Dan is er het sleepnet. Dat maakt ons duidelijk dat parel en schat tegelijk gave en opgave zijn, mogelijkheid en verantwoordelijkheid. Ja, er komt een oordeel, ja, er moet rekenschap en verantwoording worden afgelegd. Maar niet omdat God ons zou willen veroordelen, wel als aansporing om te voorkomen dat wij met pijn moeten vaststellen hoeveel kansen we hebben gemist om ons door God te laten beminnen, om Zijn Liefde te ontvangen en te beantwoorden. Dat maakt het leven ernstig.
Die twee kan Paulus goed beschrijven: ons werk en het werk van Gods genade. Hij duidt het ergens als volgt: “Maak met ernst werk van uw heil, God is het immers die zowel het werken als het willen in u tot stand brengt”. En: “Ik heb meer gewerkt dan alle anderen, neen, niet ik, maar de genade van God met mij.” Ons werk en Gods werk gaan samen. En dan is er het stukje van Paulus dat wij vandaag hoorden: “God bevordert in alles het heil van wie Hem liefhebben.”

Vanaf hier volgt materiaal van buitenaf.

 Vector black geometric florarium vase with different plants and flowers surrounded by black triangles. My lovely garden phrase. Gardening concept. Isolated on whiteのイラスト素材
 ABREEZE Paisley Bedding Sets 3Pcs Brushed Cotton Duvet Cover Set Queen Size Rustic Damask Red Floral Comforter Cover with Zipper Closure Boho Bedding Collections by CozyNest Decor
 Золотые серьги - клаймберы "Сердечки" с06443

In dit stukje legt hij het accent op Gods werk. “God bevordert ons heil”: een moeilijke zin. Maar Paulus duidt het zelf wat verderop: God doet ons doorheen alles meer gelijk worden aan het beeld van Zijn Zoon, Hij doet ons meer worden als Jezus. Dat is het heil dat God bevordert. En Paulus zegt ook dat God dit heil bevordert “in alles.” Dat wil zeggen: ook in de tegenheden, ook in de beproevingen van ons leven. Het is het werk van de heilige Geest om ons doorheen de omstandigheden van het leven te kneden, te boetseren, bij te schaven. En dat doet pijn. Maar gelukkig is de Geest zo ingenieus dat Hij ons nooit nodeloos pijn laat ondergaan en ons altijd het beste resultaat laat bekomen, de grootste vruchtbaarheid.

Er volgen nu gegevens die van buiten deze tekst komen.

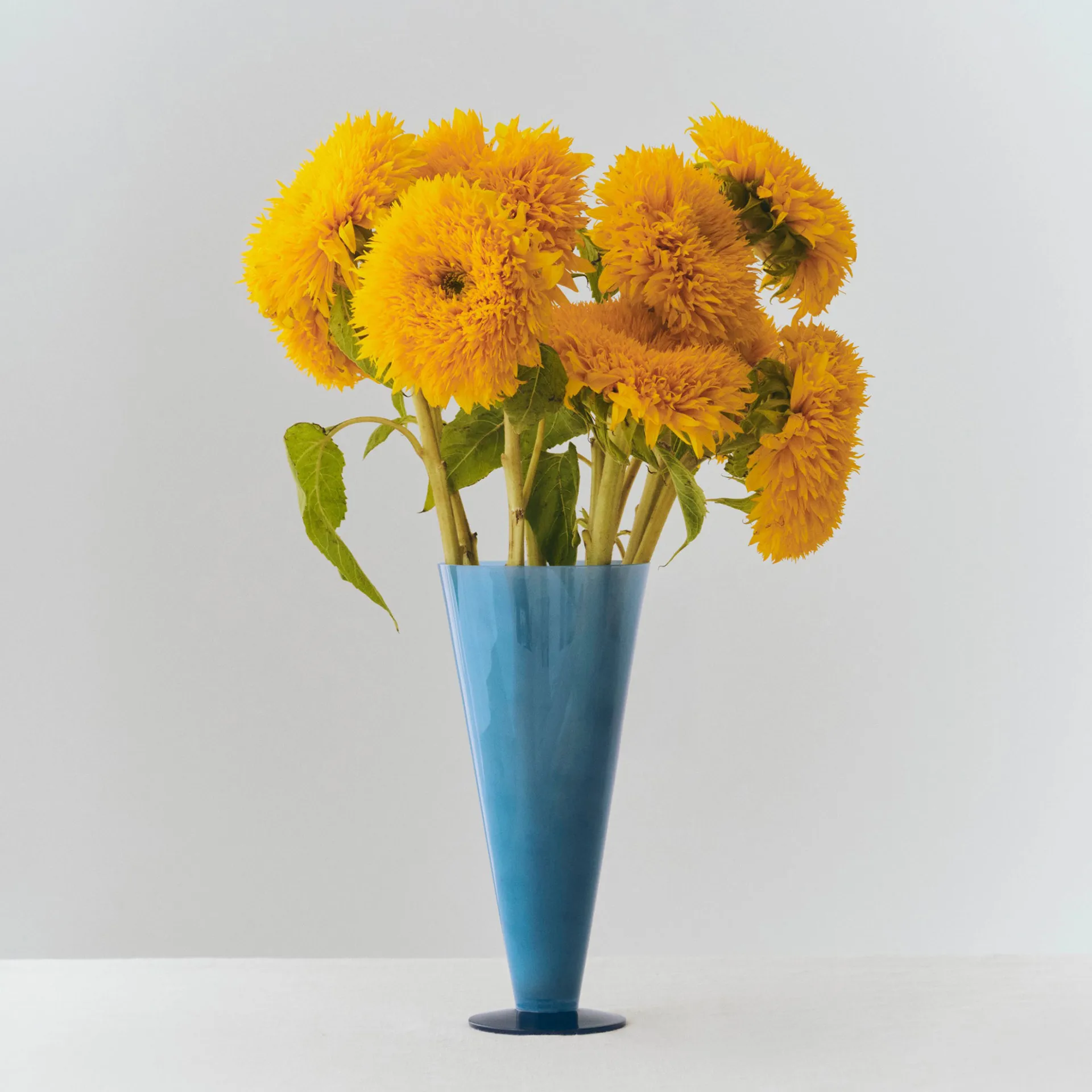 Conical Vase, Petrol blue-dark blue, large HAY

Tenslotte is er de gelijkenis van de huisvader die oud en nieuw tevoorschijn haalt. Ook dat toont een kenmerk van de parabels: zij brengen alles samen: oud en nieuw, goed en slecht, arm en rijk, leven en dood.

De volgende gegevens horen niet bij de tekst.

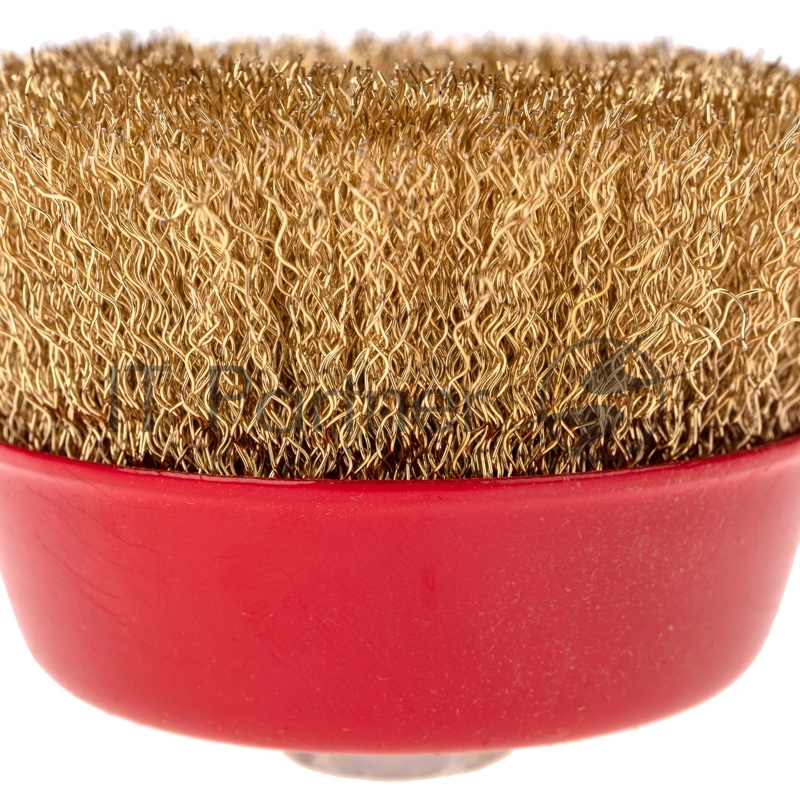 Щетка чашечная для УШМ латунированная проволока 100 мм М14 Kranz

De gelijkenissen van Jezus tonen ons waar het om gaat in ons leven. En in ons gewoon bezig zijn van elke dag kunnen we dat uit het oog verliezen. Ja, waar komt het op aan in ons leven? Voor die vraag keren we terug naar het begin van de parabelrede. Daar ging het over de zaaier die zaait op verschillende soorten grond. Die parabel wordt ‘de moeder van alle parabels’ genoemd. Waarom? Omdat het ons de vraag doet stellen: wat is die goede grond? Het antwoord hierop krijgen wij van koning Salomo in de eerste lezing. Hij mocht aan God vragen wat hij wou. Hij vroeg maar één ding: een opmerkzame geest, om recht te kunnen spreken en onderscheid te kunnen maken tussen goed en kwaad. Letterlijk staat er dat hij vroeg om “een luisterend hart.” Kunnen luisteren. Dat is het belangrijkste in ons leven. Waarom? Omdat het alles te maken heeft met liefde en waarheid. Een liefde die aandacht schenkt, die het hart opent om van de ander te ontvangen. Liefde die het eigen leven wil afstemmen op het woord van de Ander.
Laten we dus dikwijls vragen: “Heer, leer mij luisteren. Schenk mij een luisterend hart, een opmerkzame geest.” Laten we met Maria zeggen: “mij geschiede naar Uw woord!”